本発明において乳タンパク質は、乳から精製したもの、粗精製したもの、又は部分精製したもののいずれの形態であってもよい。さらに、本発明に係る乳又は乳タンパク質の「処理物」とは、前述した乳又は乳タンパク質を、分離、濃縮、精製、乾燥、加温、加圧、凝乳酵素などを用いた酵素処理、酸添加などの化学的処理、紫外線照射、脱脂、発酵等の、乳加工技術などの各種方法によって処理して得られる産物を言う。本発明の乳又は乳タンパク質の処理物は、通常、少なくとも1種の乳タンパク質又はその断片を含有する。本発明の「異種動物由来の乳、乳タンパク質又はそれらの処理物」は、飼養動物(牛、ヤギ、ヒツジ等)を含む哺乳動物から搾乳して用いてもよいし、市販の乳製品を入手して用いてもよい。例えば、本発明の方法で用いる「異種動物由来の乳、乳タンパク質又はそれらの処理物」の具体例には、生乳、牛乳、UHT牛乳(超高温瞬間殺菌牛乳)、低温殺菌牛乳、部分脱脂乳、脱脂乳、加工乳、乳飲料、カゼイン、ナチュラルチーズ、プロセスチーズ、濃縮ホエー、アイスクリーム類、濃縮乳、れん乳、粉乳、調製粉乳、加糖粉乳、全粉乳、部分脱脂粉乳、脱脂粉乳、ホエー、ホエータンパク濃縮物(WPC)、ホエータンパク精製物(WPI)、発酵乳、乳酸菌飲料、羊乳、山羊乳等が包含されるが、これらの例に限定されない。またこれらを含む食品も、「異種動物由来の乳、乳タンパク質又はそれらの処理物」に含まれる。

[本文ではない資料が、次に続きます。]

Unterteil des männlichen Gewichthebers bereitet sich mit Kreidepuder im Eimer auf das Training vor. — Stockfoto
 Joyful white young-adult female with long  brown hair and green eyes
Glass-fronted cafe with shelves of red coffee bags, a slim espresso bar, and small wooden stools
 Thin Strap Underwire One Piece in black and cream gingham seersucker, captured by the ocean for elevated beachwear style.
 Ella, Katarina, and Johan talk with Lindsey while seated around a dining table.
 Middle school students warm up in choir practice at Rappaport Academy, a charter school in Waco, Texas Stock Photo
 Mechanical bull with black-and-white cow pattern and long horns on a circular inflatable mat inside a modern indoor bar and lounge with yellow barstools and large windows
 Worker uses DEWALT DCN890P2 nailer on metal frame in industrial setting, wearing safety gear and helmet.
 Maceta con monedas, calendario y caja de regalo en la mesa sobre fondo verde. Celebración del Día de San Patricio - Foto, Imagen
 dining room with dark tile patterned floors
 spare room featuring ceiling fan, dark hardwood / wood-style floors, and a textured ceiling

なお本明細書では、「異種動物由来の乳、乳タンパク質又はそれらの処理物」を、場合により、便宜的に「乳タンパク質含有物質」と別称する。
乳タンパク質含有物質の経口投与方法としては、いずれの方法を用いてもよく、例えば、飲用水(飲水)又は餌として自由摂取させる方法、あるいは一定の量や一定の時間に摂取させる方法でもよく、ゾンデやカテーテル等の器具を用いて強制的に摂取させてもよい。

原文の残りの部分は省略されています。